A friend spoke lovingly of my aunt’s good taste, fine manners, savoir faire and sense of humor. Just days before her death she asked him if he was a Yankees fan. When he told her that he was a Mets fan she said, "It’s going to be a long year."
I’m sorry that she won’t get to see the Yankees play the Red Sox and become world champions again.
After the funeral, we went back to my aunt’s apartment. It was strange to be there without her. I kept thinking she’d join us looking the way she looked twenty years ago. She’d walk around the antique-filled dining room checking to make sure that the platters were full of smoked salmon and caviar spread.
And she’d probably tell her grandson to take off his ridiculous blue sunglasses.

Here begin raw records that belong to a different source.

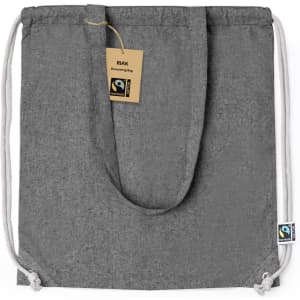 A grey drawstring bag with a textured appearance and a tag attached, featuring a logo.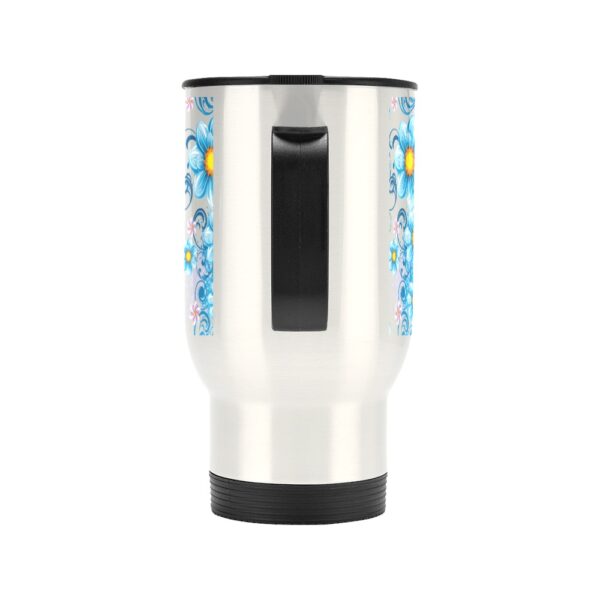 Insulated Stainless Steel Travel Mug – Commuters Cup – Blue Daisies  (14 oz) Drinkware Double Wall Insulated Cup 4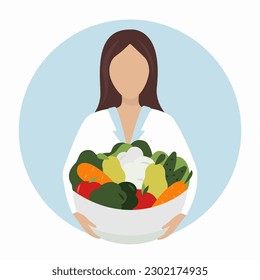 Nutritionist concept. Vector cartoon faceless woman with vegetables and fruits bowl. Diet planner. Nutrition therapy with healthy food.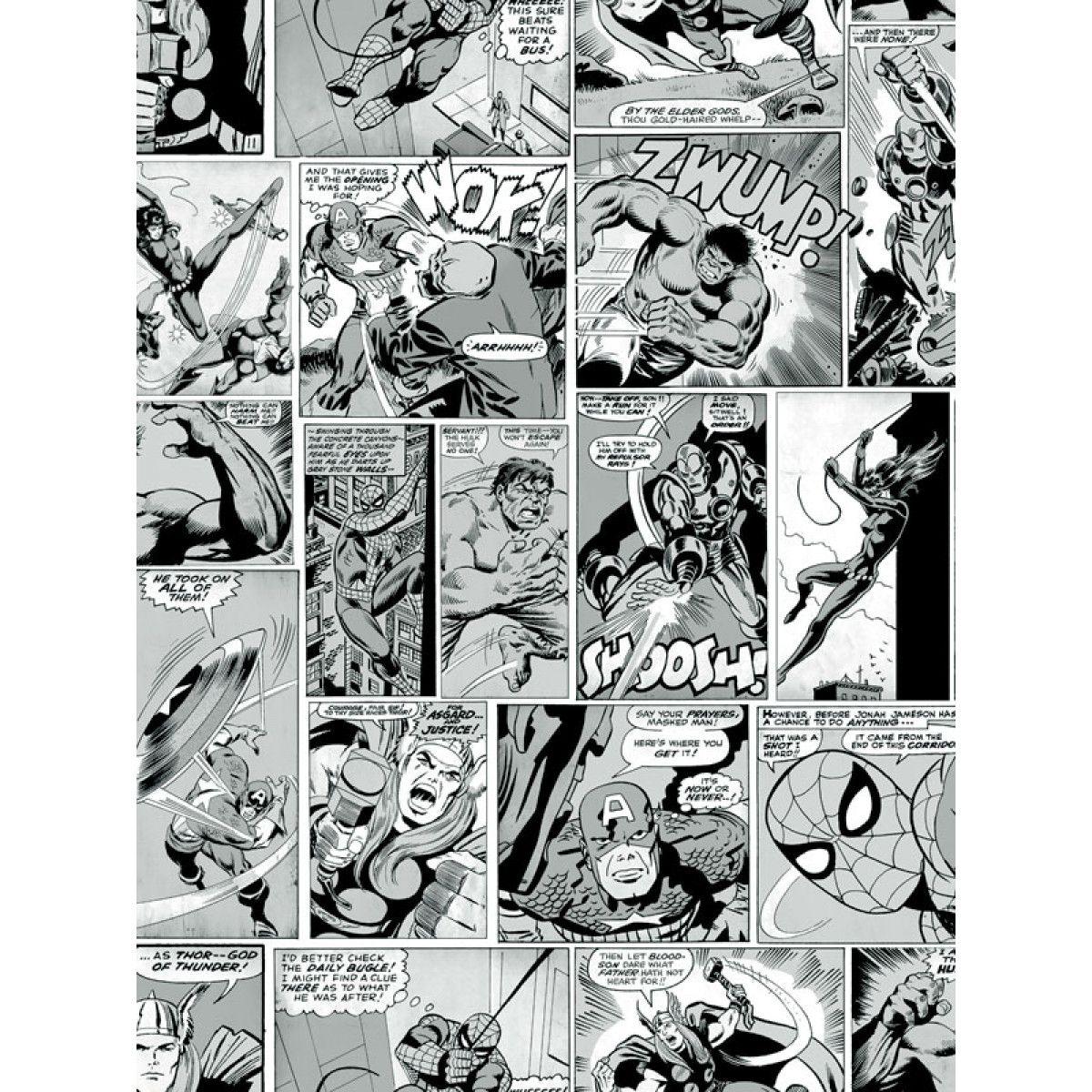 1200x1200 Marvel Comic Strip Wallpaper Black and White Muriva 159502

It was hard to walk away from that 15th floor palace. "This is the last time we’ll ever be in one of the great New York apartments," I said to my sister as we got on the elevator. "This is the last time we’ll ever know someplace like this."
Caroline Ghertler is Louise G. Crawford’s twin sister. She lives in Park Slope.
so true. We probably couldn’t afford a brick. Whoever buys it now will probably gut it and reinvent the space in their own image. That’s life, I suppose.
My old college girlfriend’s grandmother lived in a similar setup on Fifth Avenue. A very nice view! At this point, I suppose very few can even afford a single brick of that place.